* _WHAT THE TASK ASKS_: Below are some records. Return exactly their lines from the one containing "グレー テテ パーカー BTSテテ着用ファッション紹介 通販で買える" through the one containing "Rose and Cure", and drop the pictures.

* _DATA SHOWN_:

####################

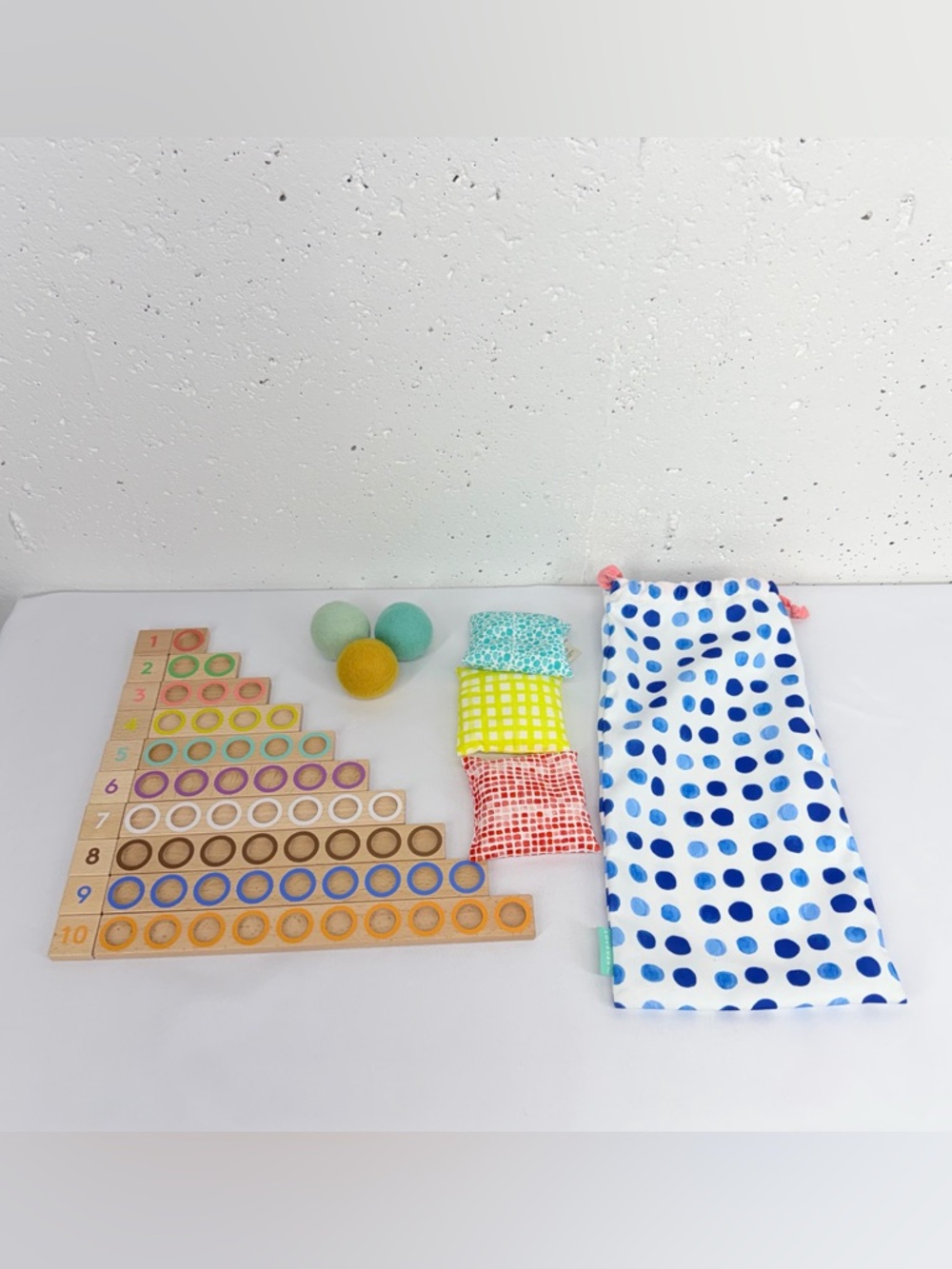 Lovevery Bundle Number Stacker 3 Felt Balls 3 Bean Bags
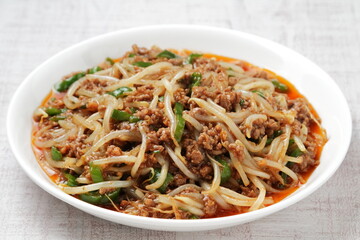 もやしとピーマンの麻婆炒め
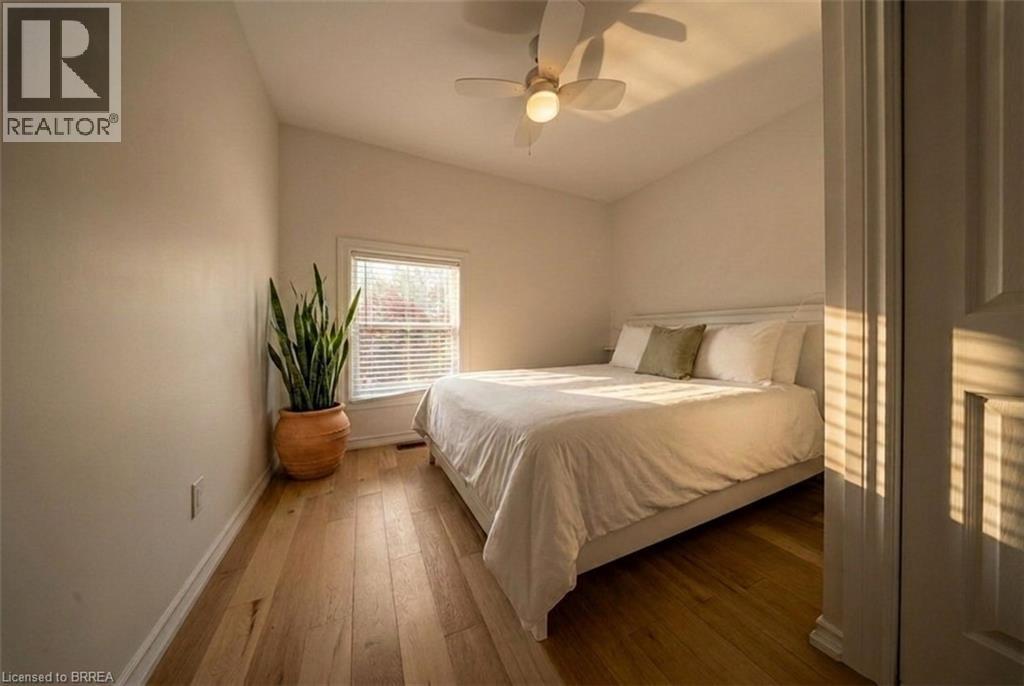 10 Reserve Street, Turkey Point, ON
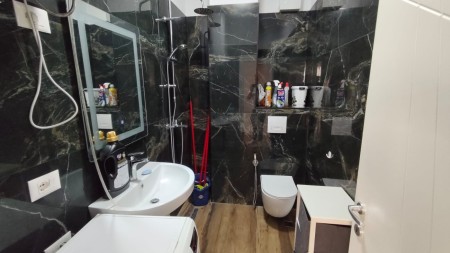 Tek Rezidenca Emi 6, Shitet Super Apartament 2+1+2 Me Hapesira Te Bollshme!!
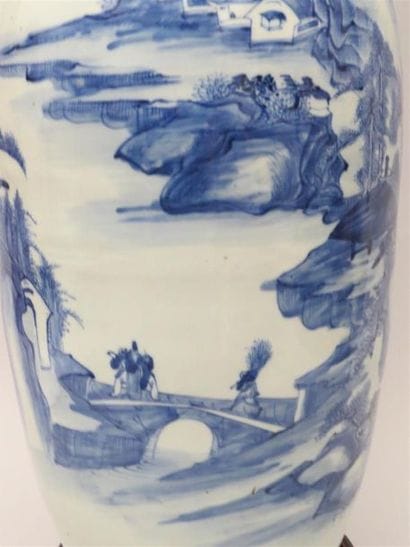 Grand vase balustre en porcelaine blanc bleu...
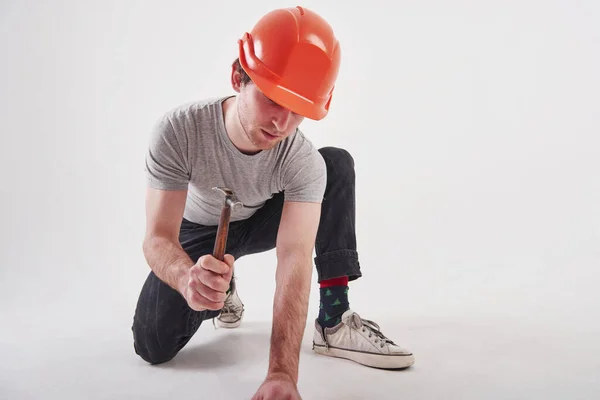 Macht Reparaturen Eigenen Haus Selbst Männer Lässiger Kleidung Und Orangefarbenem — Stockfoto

####################

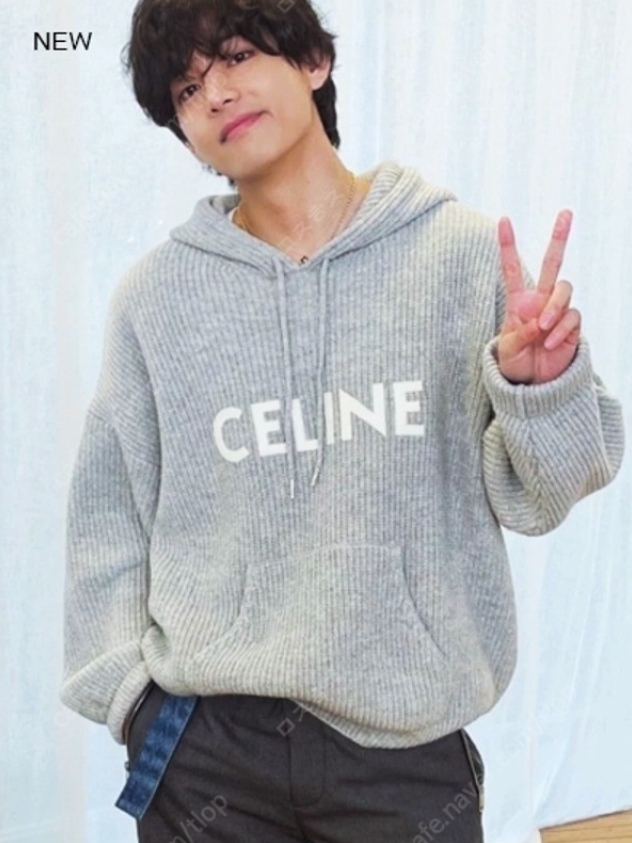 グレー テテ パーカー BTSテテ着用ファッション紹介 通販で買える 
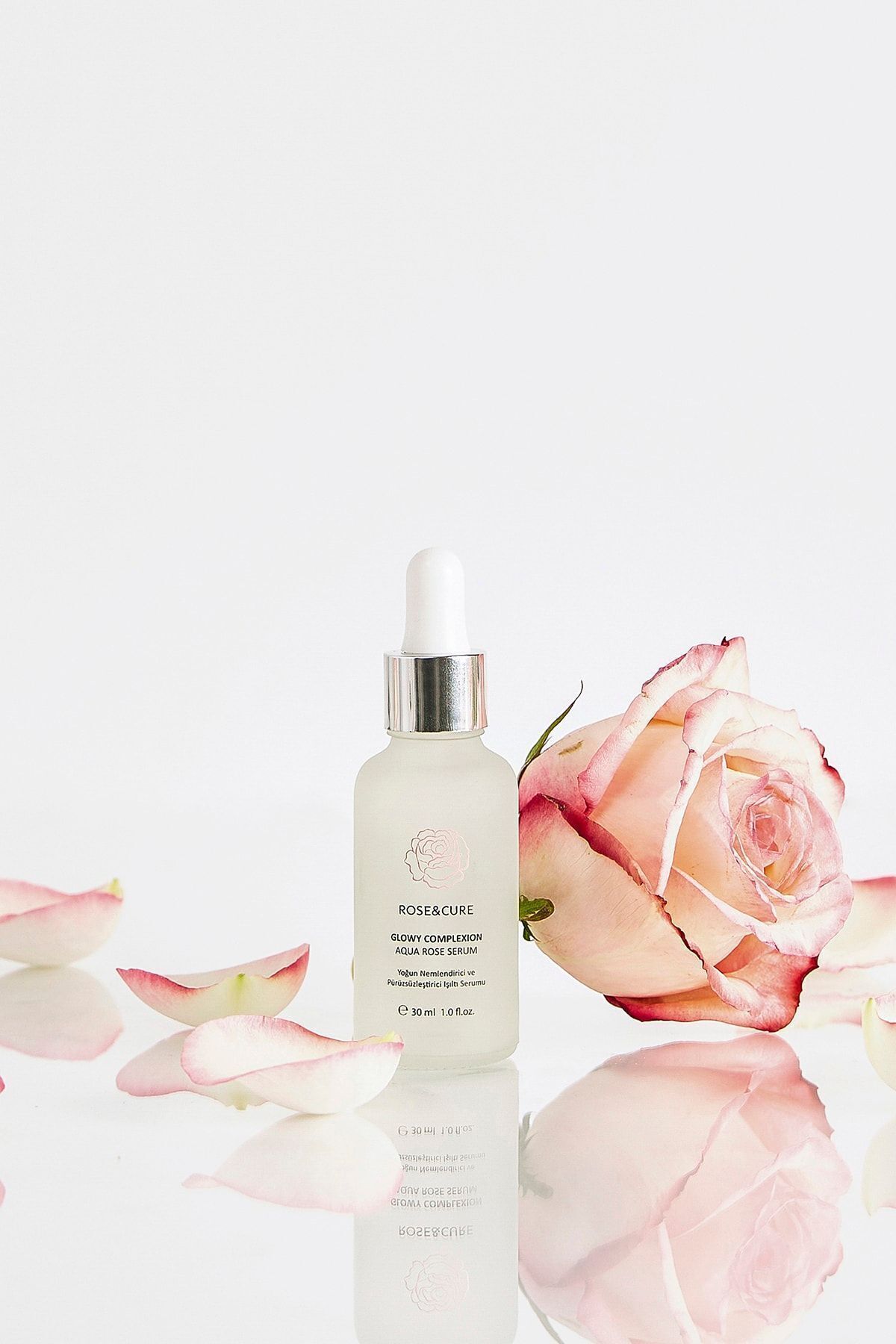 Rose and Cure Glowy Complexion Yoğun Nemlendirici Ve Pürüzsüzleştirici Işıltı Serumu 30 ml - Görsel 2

####################

* _TASK SOLUTION_:
 グレー テテ パーカー BTSテテ着用ファッション紹介 通販で買える 
 Rose and Cure Glowy Complexion Yoğun Nemlendirici Ve Pürüzsüzleştirici Işıltı Serumu 30 ml - Görsel 2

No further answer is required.